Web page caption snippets
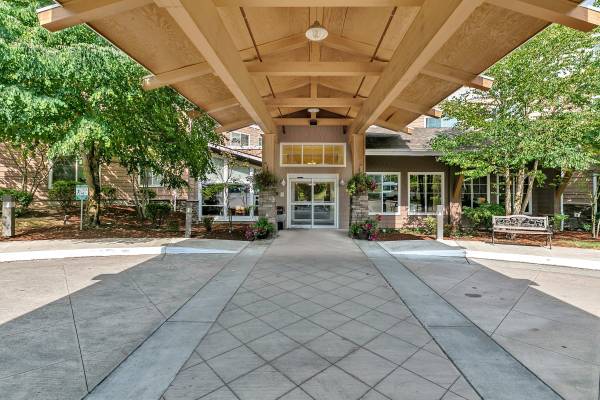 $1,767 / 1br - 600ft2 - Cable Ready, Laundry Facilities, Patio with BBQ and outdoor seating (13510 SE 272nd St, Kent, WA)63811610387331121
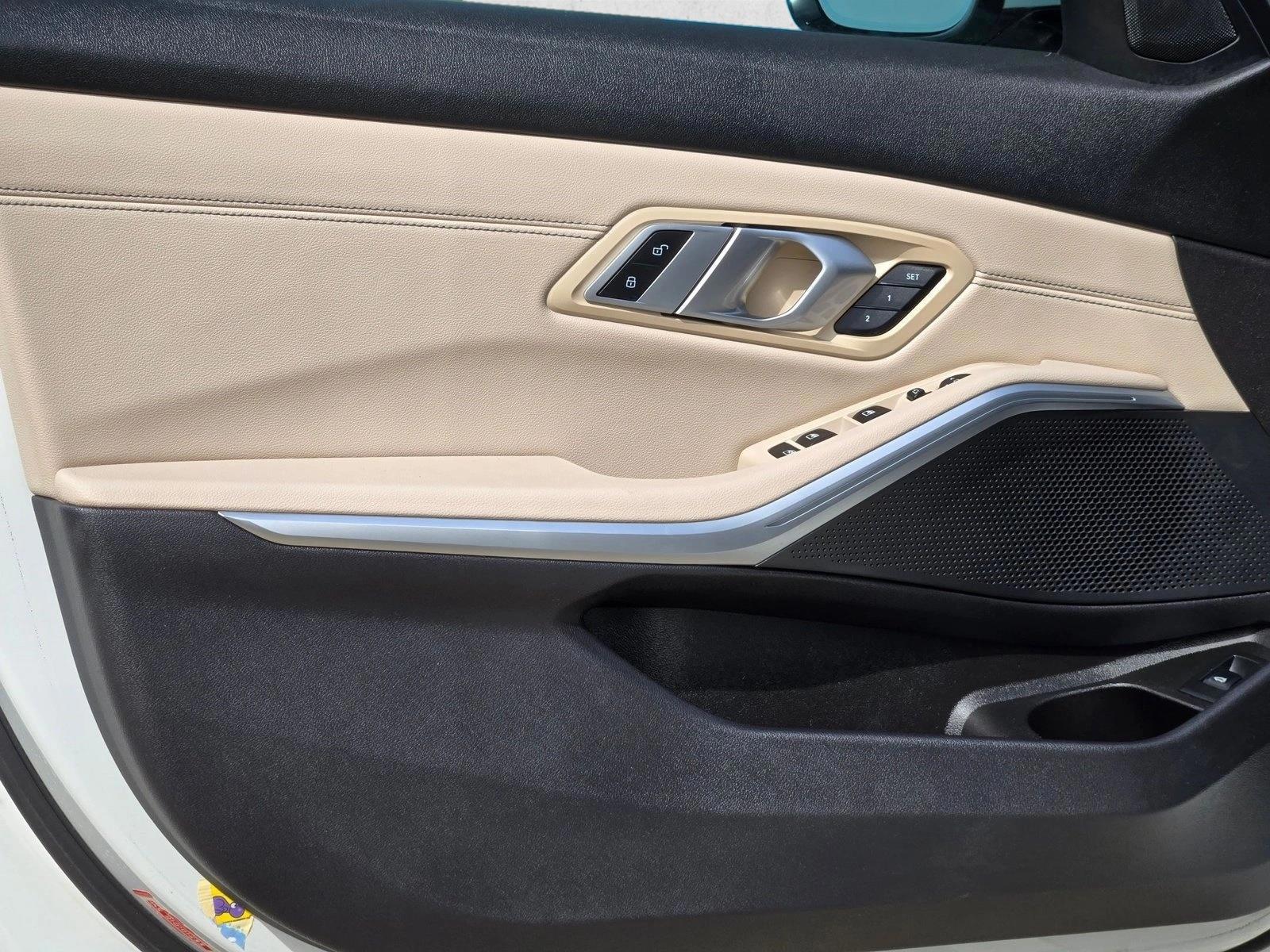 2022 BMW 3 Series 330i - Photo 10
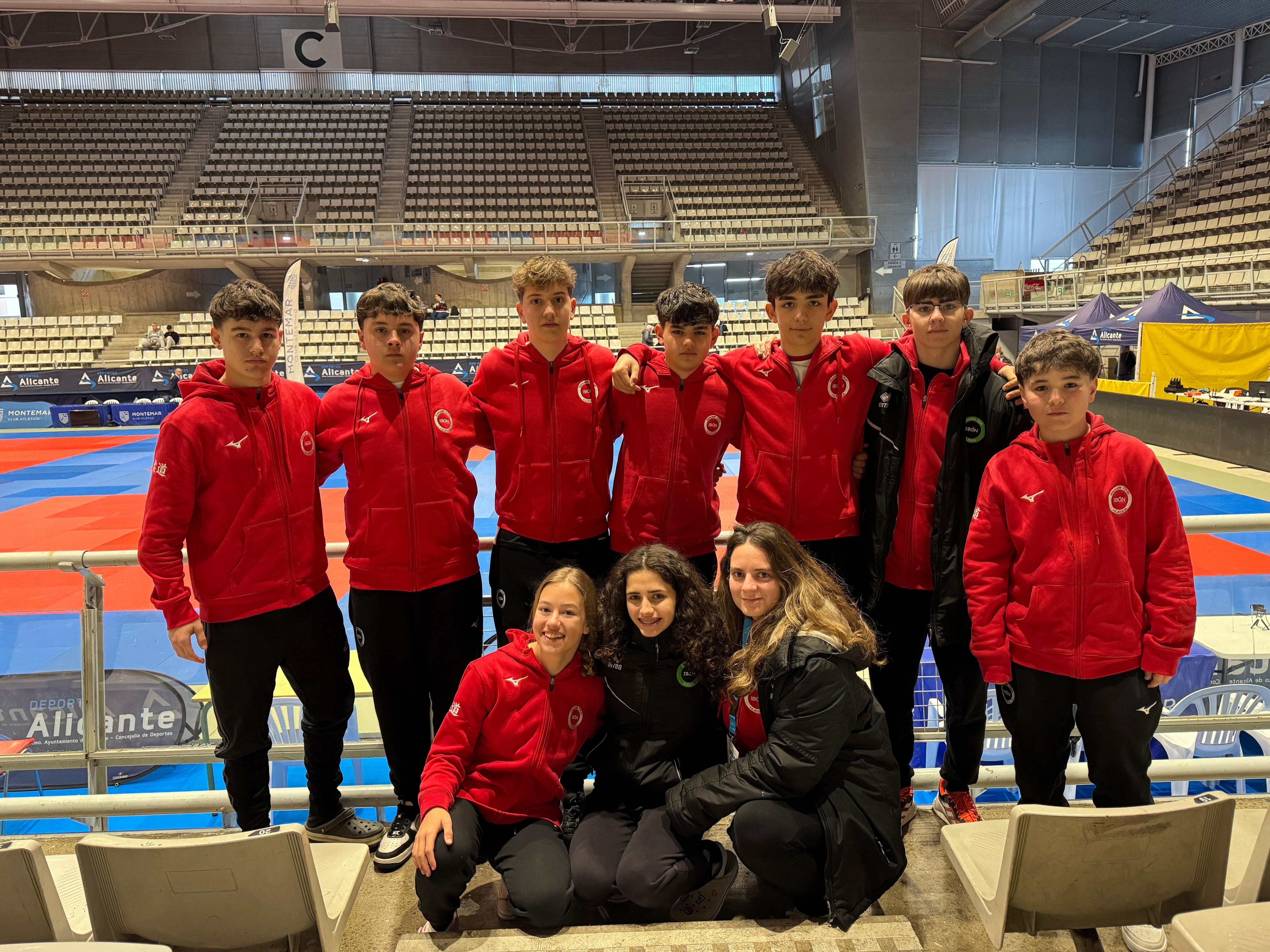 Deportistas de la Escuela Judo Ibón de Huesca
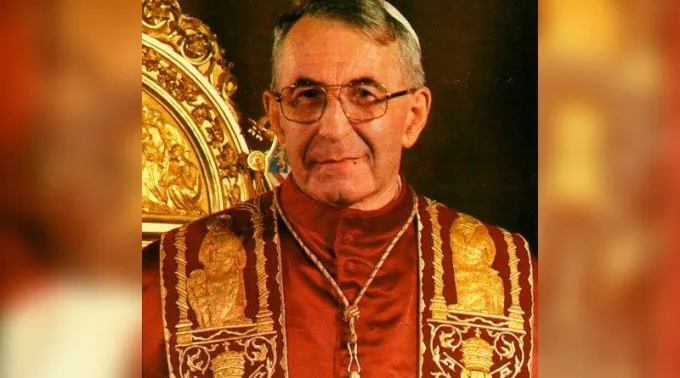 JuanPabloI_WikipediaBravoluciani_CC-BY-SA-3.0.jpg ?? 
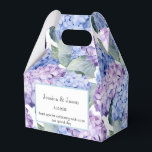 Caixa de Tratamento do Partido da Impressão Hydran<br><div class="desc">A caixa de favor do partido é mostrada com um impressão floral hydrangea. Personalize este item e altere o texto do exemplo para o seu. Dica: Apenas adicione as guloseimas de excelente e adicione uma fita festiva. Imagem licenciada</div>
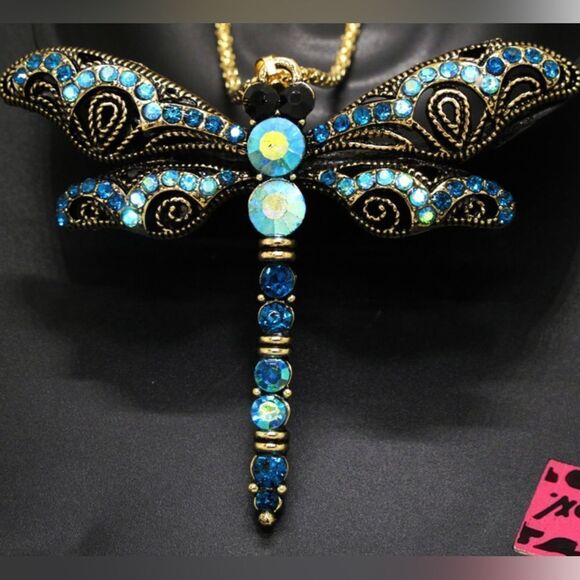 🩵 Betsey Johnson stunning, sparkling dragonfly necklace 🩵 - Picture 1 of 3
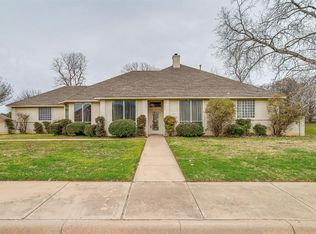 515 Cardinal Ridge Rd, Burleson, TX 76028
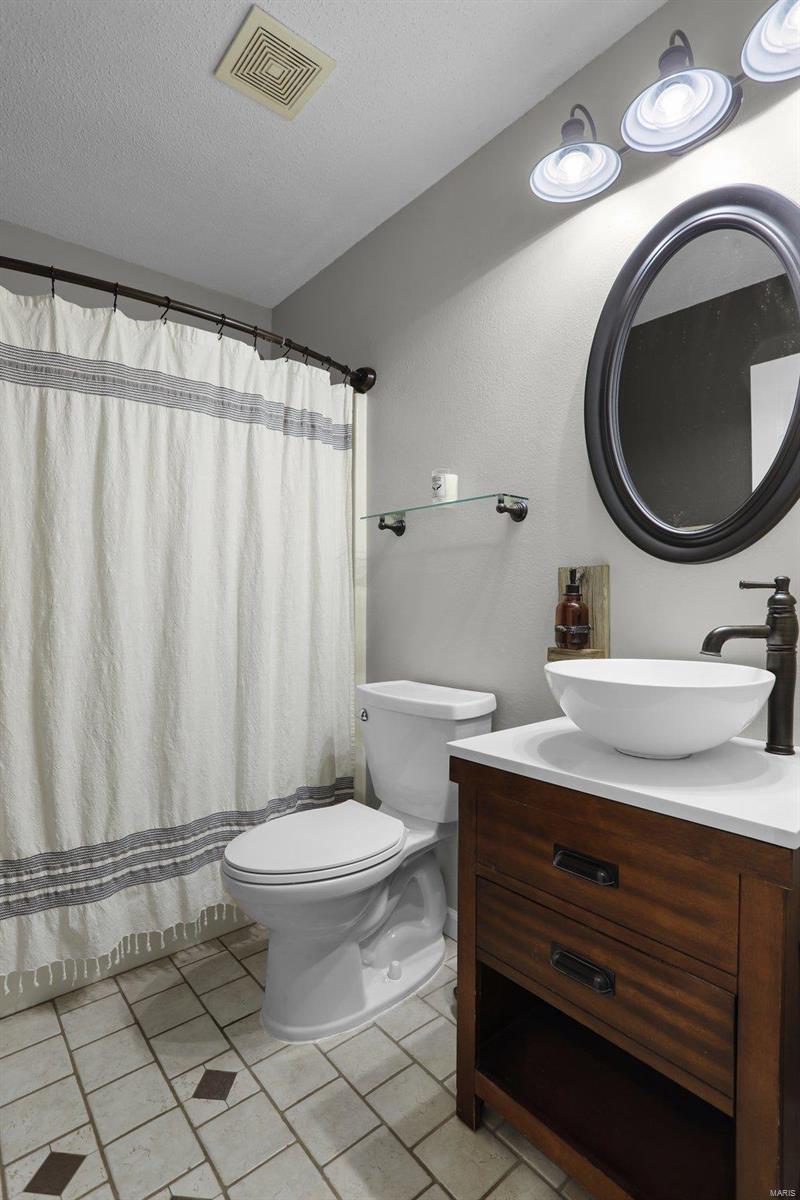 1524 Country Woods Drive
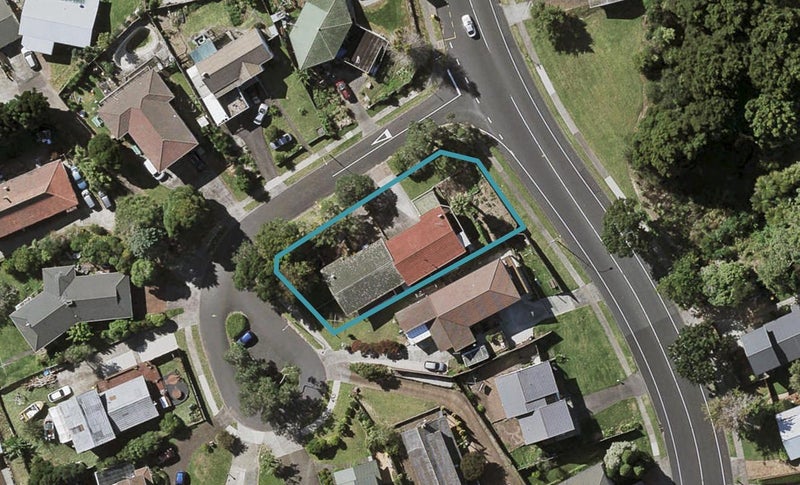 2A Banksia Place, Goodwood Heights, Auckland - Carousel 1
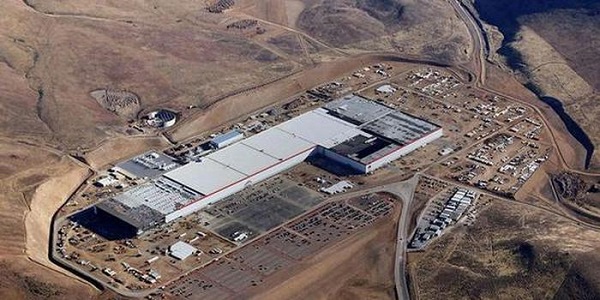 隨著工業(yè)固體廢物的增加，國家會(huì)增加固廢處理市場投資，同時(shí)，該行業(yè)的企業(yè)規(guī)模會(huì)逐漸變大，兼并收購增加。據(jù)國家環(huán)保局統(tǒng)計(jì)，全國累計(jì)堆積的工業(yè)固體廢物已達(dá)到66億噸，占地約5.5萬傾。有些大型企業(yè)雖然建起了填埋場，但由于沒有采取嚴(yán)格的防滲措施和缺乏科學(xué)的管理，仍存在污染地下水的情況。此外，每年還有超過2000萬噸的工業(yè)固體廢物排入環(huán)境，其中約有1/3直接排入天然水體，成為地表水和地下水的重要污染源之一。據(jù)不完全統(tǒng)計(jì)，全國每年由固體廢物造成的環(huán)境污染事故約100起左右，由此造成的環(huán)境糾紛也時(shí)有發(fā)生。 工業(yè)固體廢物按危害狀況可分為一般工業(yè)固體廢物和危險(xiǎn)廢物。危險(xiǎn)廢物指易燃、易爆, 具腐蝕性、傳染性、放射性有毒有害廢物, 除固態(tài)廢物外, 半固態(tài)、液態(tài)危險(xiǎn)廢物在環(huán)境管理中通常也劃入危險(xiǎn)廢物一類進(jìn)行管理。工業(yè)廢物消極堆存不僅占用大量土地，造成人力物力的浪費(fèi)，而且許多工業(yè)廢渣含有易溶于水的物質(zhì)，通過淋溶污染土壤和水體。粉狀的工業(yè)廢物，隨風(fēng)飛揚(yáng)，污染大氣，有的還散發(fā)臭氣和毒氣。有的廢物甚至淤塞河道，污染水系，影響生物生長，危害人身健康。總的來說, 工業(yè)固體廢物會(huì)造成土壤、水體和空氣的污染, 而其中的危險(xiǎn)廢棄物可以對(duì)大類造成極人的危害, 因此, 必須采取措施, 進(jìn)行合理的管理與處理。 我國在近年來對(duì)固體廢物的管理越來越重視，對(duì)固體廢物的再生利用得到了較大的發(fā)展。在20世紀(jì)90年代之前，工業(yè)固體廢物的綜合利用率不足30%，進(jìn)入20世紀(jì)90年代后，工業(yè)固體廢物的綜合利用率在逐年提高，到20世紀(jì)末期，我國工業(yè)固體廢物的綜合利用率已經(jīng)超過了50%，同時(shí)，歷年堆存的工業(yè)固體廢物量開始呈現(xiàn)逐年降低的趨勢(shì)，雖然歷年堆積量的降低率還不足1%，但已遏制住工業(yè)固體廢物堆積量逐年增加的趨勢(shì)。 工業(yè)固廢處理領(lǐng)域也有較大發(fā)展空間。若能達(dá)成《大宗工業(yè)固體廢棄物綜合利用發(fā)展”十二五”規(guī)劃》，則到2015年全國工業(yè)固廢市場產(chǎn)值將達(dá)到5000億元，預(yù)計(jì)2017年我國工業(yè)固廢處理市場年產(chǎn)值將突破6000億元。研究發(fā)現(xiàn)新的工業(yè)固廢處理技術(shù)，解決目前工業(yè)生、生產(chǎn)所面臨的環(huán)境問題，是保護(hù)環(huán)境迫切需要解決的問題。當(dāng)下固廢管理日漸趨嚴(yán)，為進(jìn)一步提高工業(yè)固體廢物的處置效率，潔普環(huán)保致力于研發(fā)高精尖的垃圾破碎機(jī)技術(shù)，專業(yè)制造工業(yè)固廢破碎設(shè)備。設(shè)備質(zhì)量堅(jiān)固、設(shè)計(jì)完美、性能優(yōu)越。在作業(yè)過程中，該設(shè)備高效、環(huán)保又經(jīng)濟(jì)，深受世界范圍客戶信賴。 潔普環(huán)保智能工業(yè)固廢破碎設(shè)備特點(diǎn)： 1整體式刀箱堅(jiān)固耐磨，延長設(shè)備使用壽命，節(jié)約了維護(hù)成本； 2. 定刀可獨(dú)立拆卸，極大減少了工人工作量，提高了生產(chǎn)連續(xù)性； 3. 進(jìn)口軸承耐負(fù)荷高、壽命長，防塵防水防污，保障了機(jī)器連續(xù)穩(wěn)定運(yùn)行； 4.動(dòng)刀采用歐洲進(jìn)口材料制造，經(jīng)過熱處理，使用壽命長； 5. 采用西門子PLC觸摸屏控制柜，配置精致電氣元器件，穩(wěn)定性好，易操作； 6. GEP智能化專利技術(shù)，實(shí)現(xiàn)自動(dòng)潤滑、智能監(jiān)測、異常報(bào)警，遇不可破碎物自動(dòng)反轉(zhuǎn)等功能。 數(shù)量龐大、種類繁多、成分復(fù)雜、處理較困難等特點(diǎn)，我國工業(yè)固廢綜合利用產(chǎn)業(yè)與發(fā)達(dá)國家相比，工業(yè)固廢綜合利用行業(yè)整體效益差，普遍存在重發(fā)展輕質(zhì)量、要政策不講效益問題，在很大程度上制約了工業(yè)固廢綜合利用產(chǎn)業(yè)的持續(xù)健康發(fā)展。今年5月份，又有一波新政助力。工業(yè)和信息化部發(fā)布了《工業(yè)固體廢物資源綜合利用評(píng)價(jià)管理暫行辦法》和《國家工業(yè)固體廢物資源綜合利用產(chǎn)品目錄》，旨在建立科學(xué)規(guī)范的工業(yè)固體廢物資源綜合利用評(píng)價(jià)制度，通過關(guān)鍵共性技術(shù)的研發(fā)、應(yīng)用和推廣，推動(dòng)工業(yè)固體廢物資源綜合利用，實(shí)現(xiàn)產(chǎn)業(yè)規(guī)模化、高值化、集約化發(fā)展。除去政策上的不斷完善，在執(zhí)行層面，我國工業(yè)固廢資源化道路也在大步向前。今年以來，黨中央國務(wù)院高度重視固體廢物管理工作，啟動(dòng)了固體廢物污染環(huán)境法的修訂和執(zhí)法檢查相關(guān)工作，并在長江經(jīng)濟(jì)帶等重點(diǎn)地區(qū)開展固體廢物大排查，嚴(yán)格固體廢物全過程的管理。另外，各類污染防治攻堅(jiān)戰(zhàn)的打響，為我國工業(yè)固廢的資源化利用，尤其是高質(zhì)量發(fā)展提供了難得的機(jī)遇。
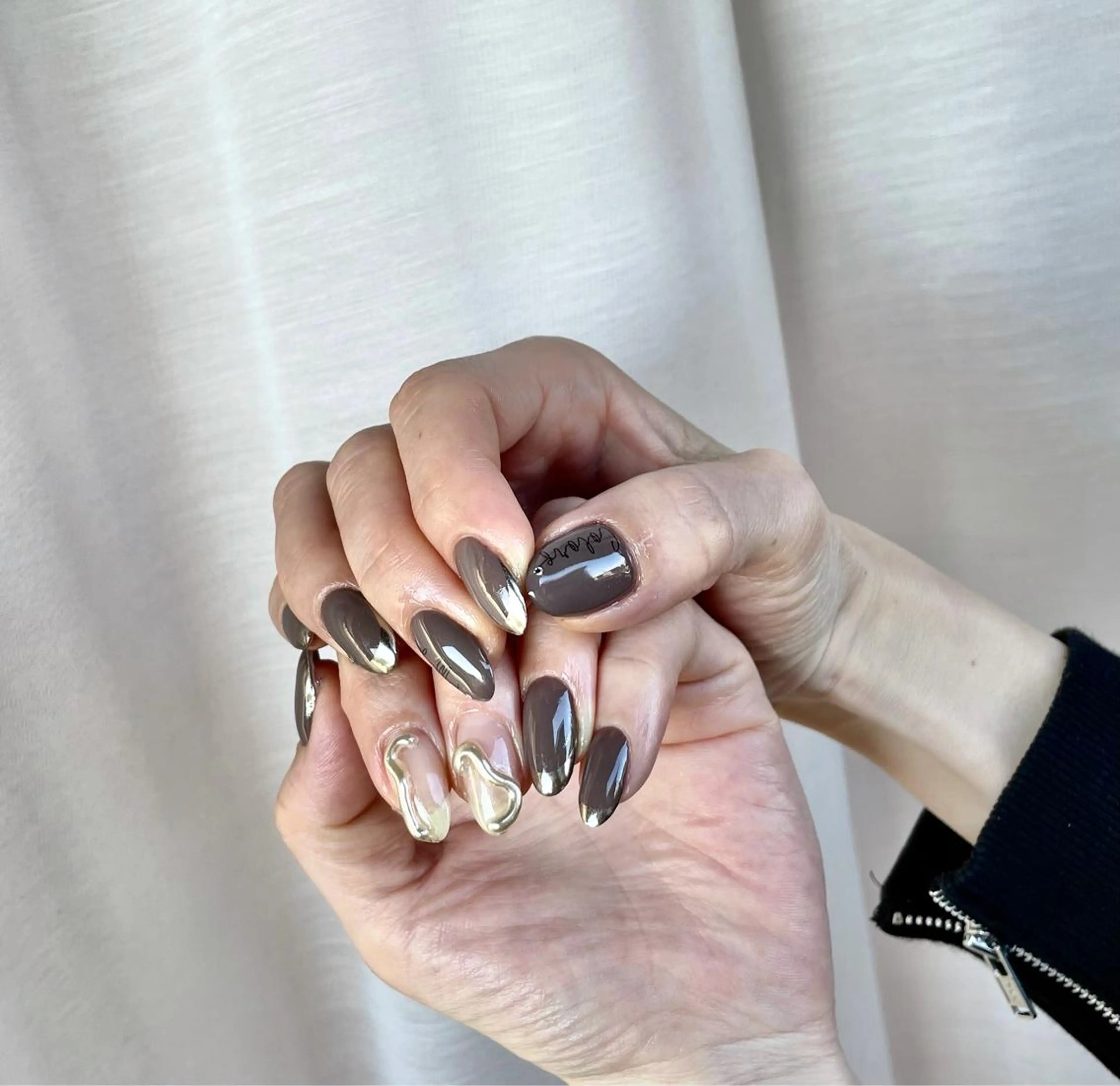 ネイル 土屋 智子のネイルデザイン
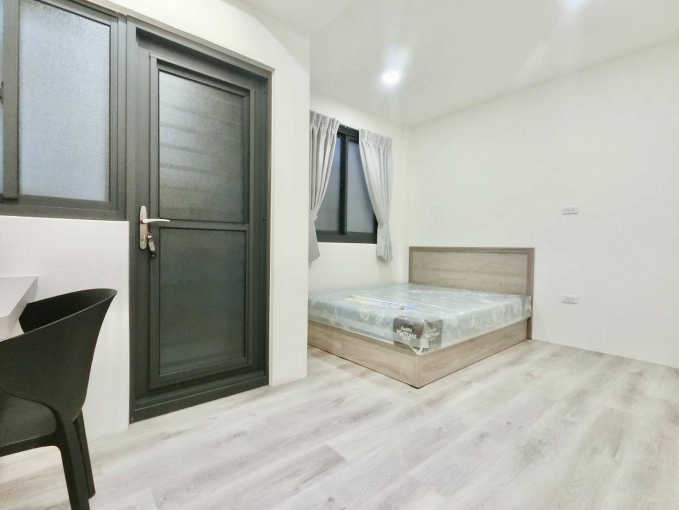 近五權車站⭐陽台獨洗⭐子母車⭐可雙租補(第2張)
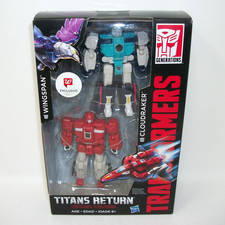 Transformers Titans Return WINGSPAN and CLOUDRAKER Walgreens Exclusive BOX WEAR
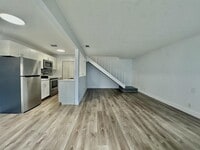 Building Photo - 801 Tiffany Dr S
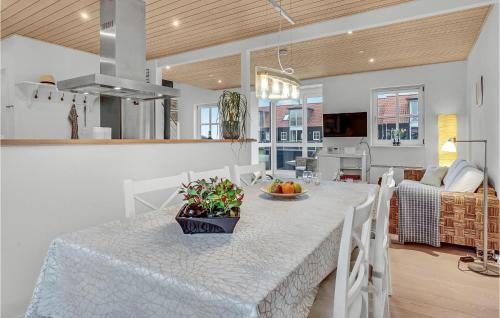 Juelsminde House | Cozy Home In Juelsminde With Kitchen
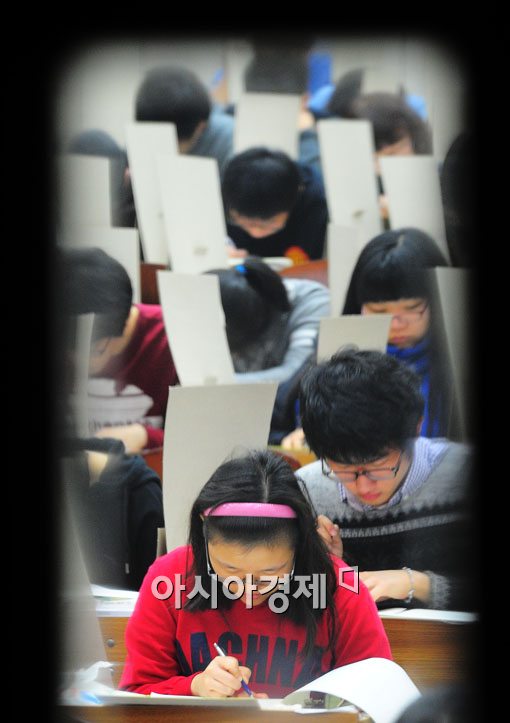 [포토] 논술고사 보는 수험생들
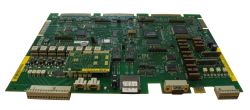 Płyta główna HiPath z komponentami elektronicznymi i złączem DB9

**What to work on**: If pictures appear, drop them, and retype exactly the lines from the "Building Photo - 801 Tiffany Dr S" line through the last line of the data above.

**Answer area**:
 Building Photo - 801 Tiffany Dr S
 Juelsminde House | Cozy Home In Juelsminde With Kitchen
 [포토] 논술고사 보는 수험생들
 Płyta główna HiPath z komponentami elektronicznymi i złączem DB9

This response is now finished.